Katanya, untuk menyalurkan hobinya yang terpendam sangat dalam yaitu fotografi, istriku membutuhkan seorang model. Anak-anakku yang biasanya menjadi sasaran jepretannya kali ini tak mau ikut jalan-jalan. Maka, akulah yang dipaksa untuk menjadi model.
"Lihat ke depan. Jangan ke kamera. Relaks. Alami. Wajahnya jangan dibuat-buat, perutnya dikondisikan," perintahnya.
Aku pun menuruti apa yang diperintahkannya.

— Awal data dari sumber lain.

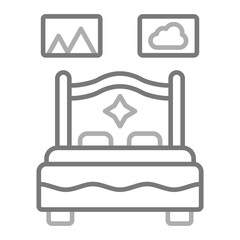 Suite Greyscale Line Icon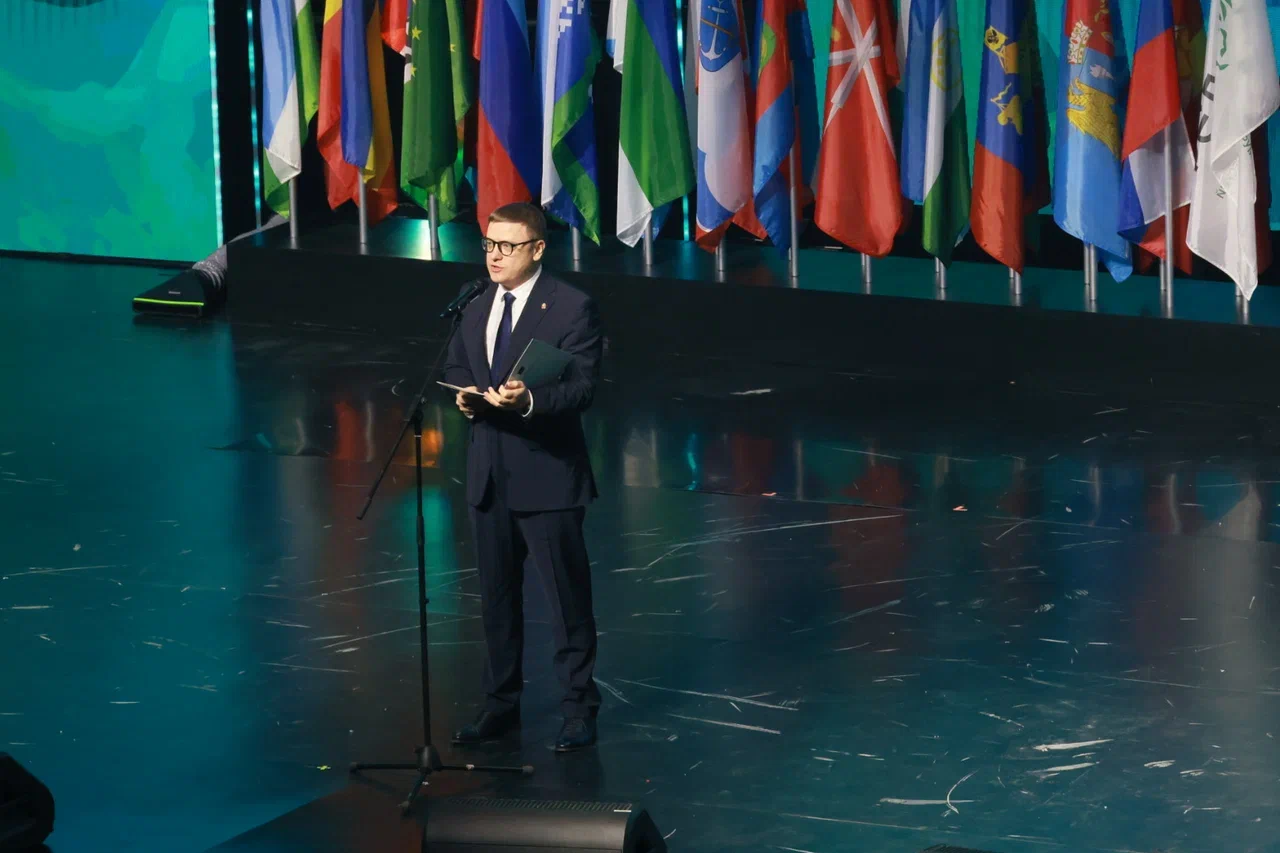 Алексей Текслер открыл III Всероссийский детский экологический форум в Челябинске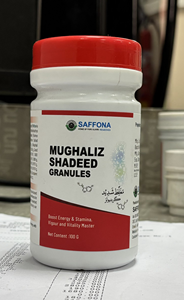 Gránulos Herbales Mughaliz Shadeed para la Vitalidad Masculina, Fórmula para el Bienestar Masculino, Suministro para el Cuidado de la Salud Reproductiva Masculina - Product Image 6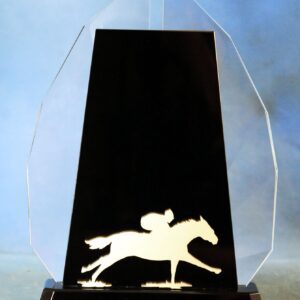 THE SOVEREIGN HORSE RACING TROPHY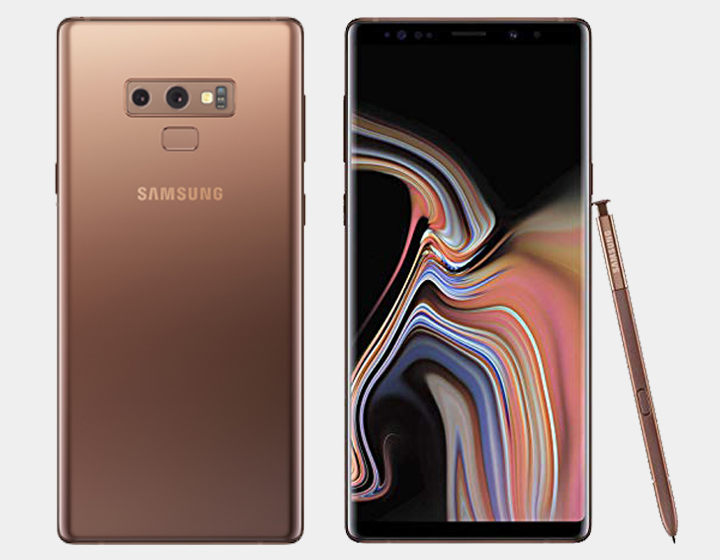 Samsung Galaxy Note 9 N960F 512GB 8GB RAM Dual SIM GSM Unlocked Smartphone (Metallic Copper) - Premium Phablet for Business, Gaming & Productivity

"Kurang ekspresif. Gini lho," protesnya sambil memberi contoh dengan ekspresinya.
Kuulangi apa yang disuruhnya dengan menambah ekspresiku. Istriku kembali menjepret. Dilihat hasilnya.
"Ulangi lagi. Tatapan matanya yang lebih greget. Tangannya juga yang lebih kencang."

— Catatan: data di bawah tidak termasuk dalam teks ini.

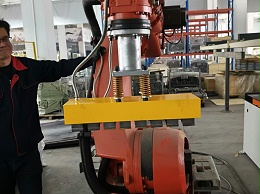 想提升自动化搬运效率？电永磁夹具磁力强不衰减是关键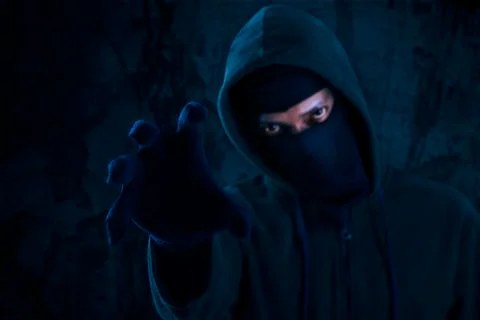 Dangerous killer Stock Photos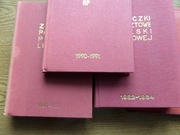 Klasery jubileuszowe TOM-XV,XVI,XVIII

Kuulangi lagi apa yang istiku mau. Tapi menurut istriku hasilnya lebih buruk.
Dia pun menyuruhku berpose yang lain. Beberapa posisi kuperagakan. Tetap saja. Tak ada yang sesuai dengan kemauannya.
"Udah ah. Susah. Apa adanya saja sih. Ekspresinya sudah ga bisa diapa-apakan lagi."
Istrikupun menyerah dan aku pun lega.